As I mentioned, the one shining ray of hope he’s had is Facebook. With Facebook, he can target so incredibly well that he can get his ad in front of folks he could never reach using other methods. He walked me through some of the campaigns he’s running on Facebook right now, and the results were pretty impressive. With Facebook he’s been able to branch out beyond his subscription sales and effectively target local customers to bring traffic into his store. And with Facebook’s features for hosting events, he’s found a very powerful tool to bring potentially high value customers from around the region into his store.

Unlike a national advertiser, as a small business, it’s in Scott’s best interest to spend some time honing his campaign to address incredibly small micro-targeted audiences — audiences that would be too much work and too tiny for a big advertiser to bother with. He showed me one campaign he’s been running to promote an event at his store. With the five targeting parameters he’d assigned to the campaign, his estimated audience was only 620 people. But he had more than 40 clicks on this campaign and, at last check, had 24 people who had signed up to participate — using Facebook’s event promotion tools. It is this integration of incredibly rich targeting with tools specifically available for individuals, organizations, and companies that make Facebook so incredibly valuable from a small local businesses standpoint.

I first recognized this power when I happened to notice an ad for a local Vietnamese restaurant called Monsoon East on my Facebook homepage. I still don’t know if Facebook was somehow able to glean that I love Vietnamese food, or if the ad just targeted me as a local. But what really grabbed my attention was not the ad itself, but what happened when I clicked on it. The ad didn’t link me through to the restaurant’s website. It brought me to a group page for the restaurant. My first thought was, “Oh — smart — it’s providing a landing page for local advertisers so they don’t need a website.” But then I saw that Monsoon East did, in fact, have a website — and after a bit of clicking, I realized that the restaurant actually has one hell of a website. It’s elegant, beautifully designed, and a fantastic site for a local restaurant. At first I was baffled as to why Monsoon East didn’t link to its website, but I quickly realized that its group fan page is brilliant.

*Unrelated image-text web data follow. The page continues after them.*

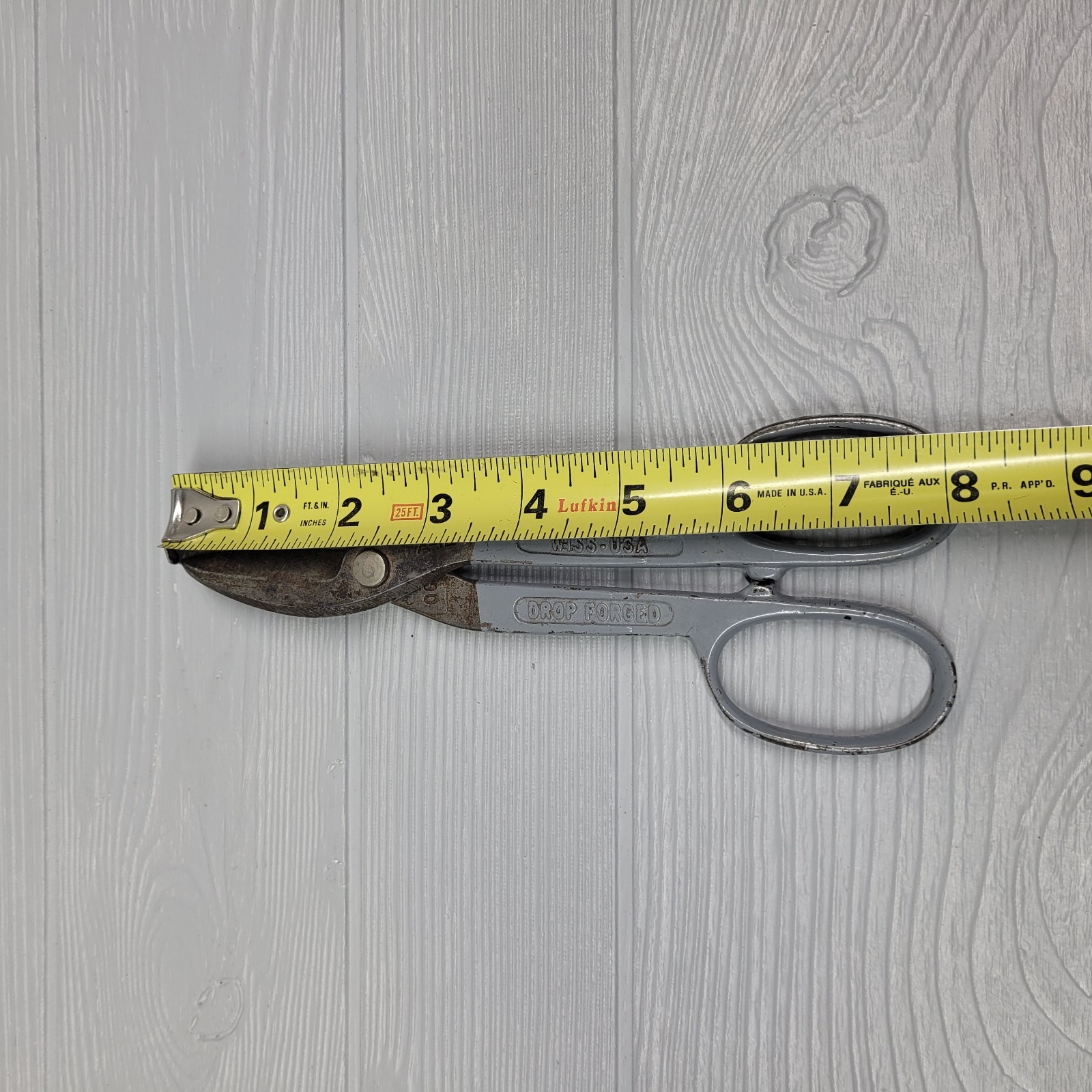 Vintage Tin Snip Shears #A-12 WISS 8″ USA Drop Forged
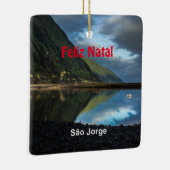 Azoren: Sao Jorge Panorama keramiek Keramisch Ornament (Rechts)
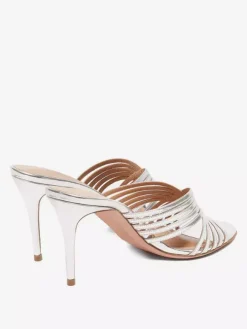 High Heel Mules Open Toe Strappy Stiletto Heel Party Shoes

This was a fan page with concise, relevant information that told me about why I might like the place, and then the magical “bit at the end” — the members’ list and discussion board. Monsoon East currently has 109 members on its group page, mostly filled with young, good looking, active-lifestyle (judging by their profile pictures) people. Despite my cynical ad-pundit view of advertising, I thought, “This looks like the kind of place I might like.” Just that they had 109 members on their fan page made this restaurant much more legitimate to me (as a consumer). And that’s powerful.

So kudos to a savvy set of local entrepreneurs who are unleashing the power of social networking to promote their businesses. I think we all have something to learn from them.